• _What you will do_
Print each line of the material again, keeping everything exact.

***** Provided information

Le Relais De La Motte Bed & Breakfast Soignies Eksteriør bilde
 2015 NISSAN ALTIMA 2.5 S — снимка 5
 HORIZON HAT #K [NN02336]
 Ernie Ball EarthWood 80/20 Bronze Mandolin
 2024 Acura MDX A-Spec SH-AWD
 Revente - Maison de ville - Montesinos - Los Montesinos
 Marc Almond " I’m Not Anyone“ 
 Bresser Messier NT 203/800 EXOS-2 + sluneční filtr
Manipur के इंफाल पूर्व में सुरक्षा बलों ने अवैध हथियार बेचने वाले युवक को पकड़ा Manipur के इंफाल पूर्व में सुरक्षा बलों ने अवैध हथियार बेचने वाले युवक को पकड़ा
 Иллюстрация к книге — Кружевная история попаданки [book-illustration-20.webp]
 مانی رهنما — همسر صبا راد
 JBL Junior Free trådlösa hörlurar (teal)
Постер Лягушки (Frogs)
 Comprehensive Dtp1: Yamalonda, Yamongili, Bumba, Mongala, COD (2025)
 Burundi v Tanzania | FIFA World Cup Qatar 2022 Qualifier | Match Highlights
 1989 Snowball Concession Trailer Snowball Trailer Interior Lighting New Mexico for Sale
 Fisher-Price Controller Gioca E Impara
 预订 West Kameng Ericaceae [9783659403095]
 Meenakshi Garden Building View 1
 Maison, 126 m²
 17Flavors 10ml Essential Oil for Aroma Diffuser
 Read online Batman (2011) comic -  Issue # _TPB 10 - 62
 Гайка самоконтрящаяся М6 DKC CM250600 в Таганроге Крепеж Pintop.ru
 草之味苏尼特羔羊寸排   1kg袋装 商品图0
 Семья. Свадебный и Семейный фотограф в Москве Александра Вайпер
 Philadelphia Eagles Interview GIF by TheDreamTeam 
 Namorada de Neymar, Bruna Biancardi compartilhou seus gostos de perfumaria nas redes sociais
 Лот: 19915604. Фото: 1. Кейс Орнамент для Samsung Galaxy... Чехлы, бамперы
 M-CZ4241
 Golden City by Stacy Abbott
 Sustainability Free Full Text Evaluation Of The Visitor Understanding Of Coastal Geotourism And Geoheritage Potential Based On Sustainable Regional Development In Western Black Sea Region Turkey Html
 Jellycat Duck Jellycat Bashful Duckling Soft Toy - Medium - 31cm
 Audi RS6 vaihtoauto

**********

• _Result of the task_
Le Relais De La Motte Bed & Breakfast Soignies Eksteriør bilde
 2015 NISSAN ALTIMA 2.5 S — снимка 5
 HORIZON HAT #K [NN02336]
 Ernie Ball EarthWood 80/20 Bronze Mandolin
 2024 Acura MDX A-Spec SH-AWD
 Revente - Maison de ville - Montesinos - Los Montesinos
 Marc Almond " I’m Not Anyone“ 
 Bresser Messier NT 203/800 EXOS-2 + sluneční filtr
Manipur के इंफाल पूर्व में सुरक्षा बलों ने अवैध हथियार बेचने वाले युवक को पकड़ा Manipur के इंफाल पूर्व में सुरक्षा बलों ने अवैध हथियार बेचने वाले युवक को पकड़ा
 Иллюстрация к книге — Кружевная история попаданки [book-illustration-20.webp]
 مانی رهنما — همسر صبا راد
 JBL Junior Free trådlösa hörlurar (teal)
Постер Лягушки (Frogs)
 Comprehensive Dtp1: Yamalonda, Yamongili, Bumba, Mongala, COD (2025)
 Burundi v Tanzania | FIFA World Cup Qatar 2022 Qualifier | Match Highlights
 1989 Snowball Concession Trailer Snowball Trailer Interior Lighting New Mexico for Sale
 Fisher-Price Controller Gioca E Impara
 预订 West Kameng Ericaceae [9783659403095]
 Meenakshi Garden Building View 1
 Maison, 126 m²
 17Flavors 10ml Essential Oil for Aroma Diffuser
 Read online Batman (2011) comic -  Issue # _TPB 10 - 62
 Гайка самоконтрящаяся М6 DKC CM250600 в Таганроге Крепеж Pintop.ru
 草之味苏尼特羔羊寸排   1kg袋装 商品图0
 Семья. Свадебный и Семейный фотограф в Москве Александра Вайпер
 Philadelphia Eagles Interview GIF by TheDreamTeam 
 Namorada de Neymar, Bruna Biancardi compartilhou seus gostos de perfumaria nas redes sociais
 Лот: 19915604. Фото: 1. Кейс Орнамент для Samsung Galaxy... Чехлы, бамперы
 M-CZ4241
 Golden City by Stacy Abbott
 Sustainability Free Full Text Evaluation Of The Visitor Understanding Of Coastal Geotourism And Geoheritage Potential Based On Sustainable Regional Development In Western Black Sea Region Turkey Html
 Jellycat Duck Jellycat Bashful Duckling Soft Toy - Medium - 31cm
 Audi RS6 vaihtoauto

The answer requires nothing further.